BlockDataTrust Benchmark: A Structured Dataset for Evaluating Blockchain Data Trust
The BlockDataTrust Benchmark Dataset (BlockDataTrust) is a comprehensive synthetic dataset developed to support research on data trustworthiness in blockchain-integrated systems. It was created as part of ongoing research at University College Dublin, specifically to address the growing need for structured, machine learning–ready data to evaluate trust in decentralized environments.
Unlike existing blockchain datasets that typically focus on isolated issues such as transaction fraud or smart contract bugs, BlockDataTrust spans three dimensions of trust:
Data source–related features (e.g., sensor certification, update frequency, false data reports)
Blockchain-internal behaviors (e.g., transaction success rates, node reputation, smart contract consistency)
External entity interactions (e.g., cross-chain validations, crowdsourced trust scores, third-party verification)
The dataset includes both benign and malicious samples, with adversarial patterns modeled using domain-informed statistical distributions. Simulated attacks include Sybil identities, compromised devices, smart contract misbehavior, and collusive validation, among others. To label ambiguous benign data at scale, Snorkel weak supervision was applied — allowing probabilistic labeling beyond hardcoded heuristics.
BlockDataTrust is also designed to be modular and extensible, enabling integration with additional data from synthetic or real-world blockchain applications. It includes both balanced and realistic (5% attack) versions, enabling robustness testing under various threat densities.

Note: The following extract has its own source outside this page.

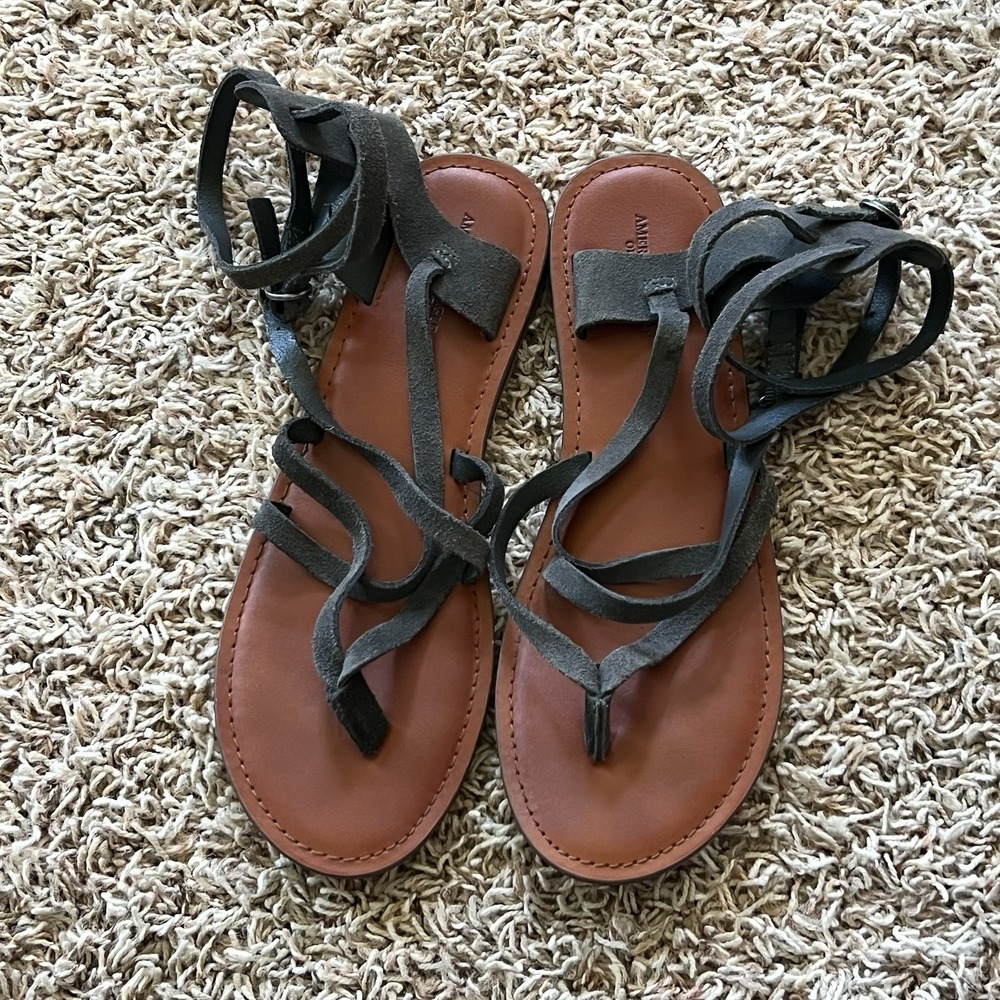 American Eagle Outfitters Gray Strappy Thong Sandals‎ Women's Size 8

Download the dataset from Kaggle:
https://www.kaggle.com/datasets/rashmiratnayake/blockdatatrust-benchmark-dataset
DOI: https://doi.org/10.34740/kaggle/dsv/12159772
This dataset helps address the lack of structured, domain-informed datasets for trust assessment in blockchain environments and serves as a valuable resource for researchers working on blockchain security and trust modeling using machine learning.